**Work to complete:**
Your job is to print, exactly, the lines in the data below from the line with "Foto de Cintura" through the line with "Peach Moonstone Transformation", both included, and to omit any picture.

**Provided entries:**
────────────────────
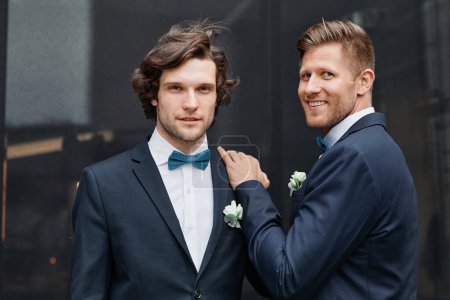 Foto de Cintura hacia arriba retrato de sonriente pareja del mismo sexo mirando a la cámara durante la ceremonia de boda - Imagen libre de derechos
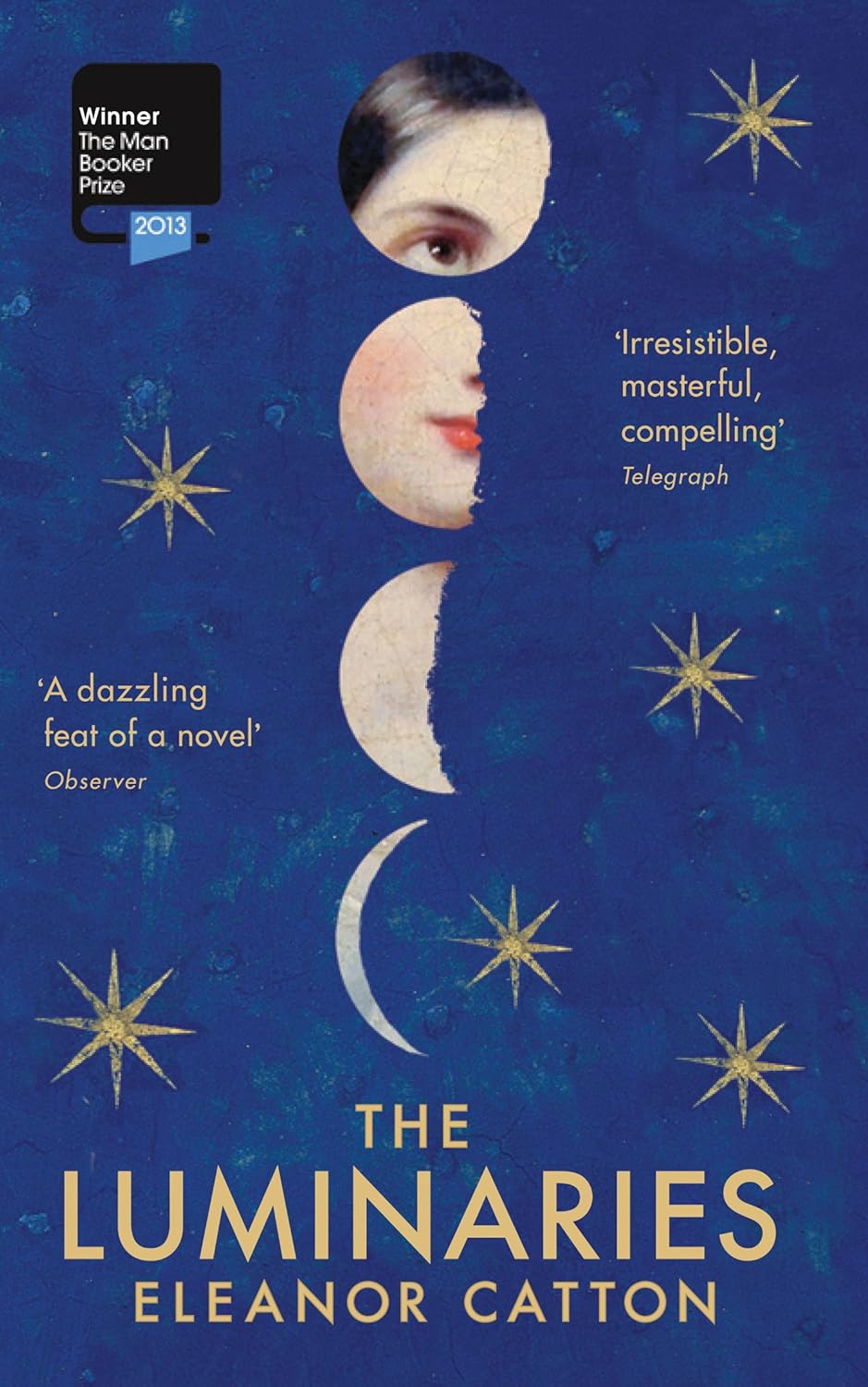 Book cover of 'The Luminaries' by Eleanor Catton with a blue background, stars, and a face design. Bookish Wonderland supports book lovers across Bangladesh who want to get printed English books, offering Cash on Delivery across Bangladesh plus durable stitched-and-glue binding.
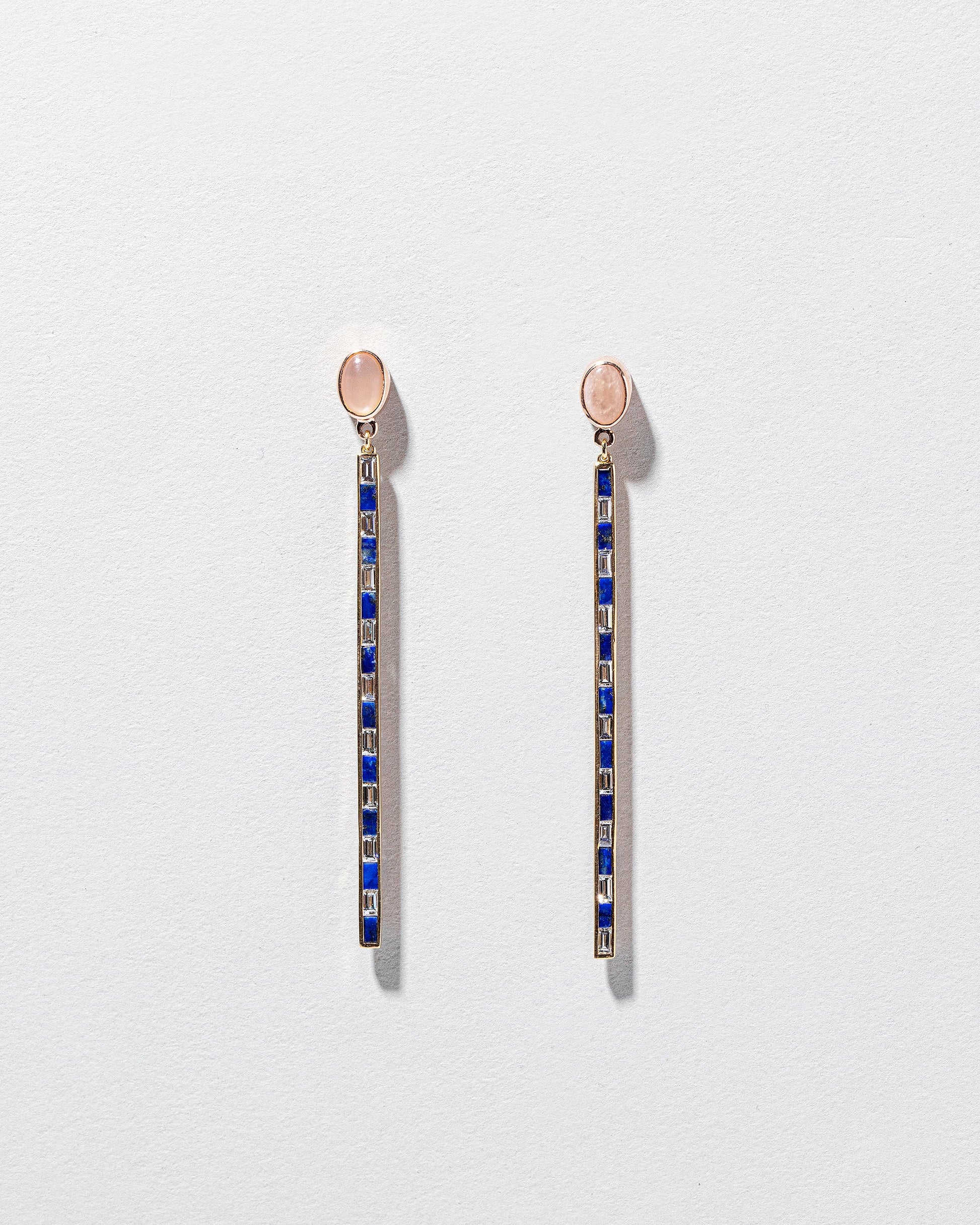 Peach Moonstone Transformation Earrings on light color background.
────────────────────
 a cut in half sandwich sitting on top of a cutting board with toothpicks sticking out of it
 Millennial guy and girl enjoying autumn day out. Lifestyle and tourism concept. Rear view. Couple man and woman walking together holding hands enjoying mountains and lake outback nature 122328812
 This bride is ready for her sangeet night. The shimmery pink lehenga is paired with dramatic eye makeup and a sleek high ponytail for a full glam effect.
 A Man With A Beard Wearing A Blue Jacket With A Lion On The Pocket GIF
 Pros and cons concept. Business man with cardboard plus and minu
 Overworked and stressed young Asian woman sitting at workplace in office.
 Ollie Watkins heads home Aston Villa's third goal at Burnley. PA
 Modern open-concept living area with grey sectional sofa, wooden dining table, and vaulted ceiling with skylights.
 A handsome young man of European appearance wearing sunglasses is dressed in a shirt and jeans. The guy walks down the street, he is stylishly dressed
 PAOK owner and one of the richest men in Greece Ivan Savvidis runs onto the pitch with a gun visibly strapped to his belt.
────────────────────
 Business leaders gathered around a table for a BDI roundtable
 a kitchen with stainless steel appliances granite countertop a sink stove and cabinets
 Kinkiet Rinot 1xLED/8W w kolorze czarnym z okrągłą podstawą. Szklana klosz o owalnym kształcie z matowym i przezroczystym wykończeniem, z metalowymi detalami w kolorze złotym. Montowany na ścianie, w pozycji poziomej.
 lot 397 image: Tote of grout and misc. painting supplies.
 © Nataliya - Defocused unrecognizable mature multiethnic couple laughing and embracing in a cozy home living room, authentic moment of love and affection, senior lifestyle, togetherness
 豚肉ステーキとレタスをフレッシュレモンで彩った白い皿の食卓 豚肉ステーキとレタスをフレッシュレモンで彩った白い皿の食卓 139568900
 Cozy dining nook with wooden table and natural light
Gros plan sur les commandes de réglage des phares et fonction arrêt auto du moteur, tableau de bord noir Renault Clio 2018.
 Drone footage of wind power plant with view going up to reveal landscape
────────────────────
**Exercise output:**
 Foto de Cintura hacia arriba retrato de sonriente pareja del mismo sexo mirando a la cámara durante la ceremonia de boda - Imagen libre de derechos
 Book cover of 'The Luminaries' by Eleanor Catton with a blue background, stars, and a face design. Bookish Wonderland supports book lovers across Bangladesh who want to get printed English books, offering Cash on Delivery across Bangladesh plus durable stitched-and-glue binding.
 Peach Moonstone Transformation Earrings on light color background.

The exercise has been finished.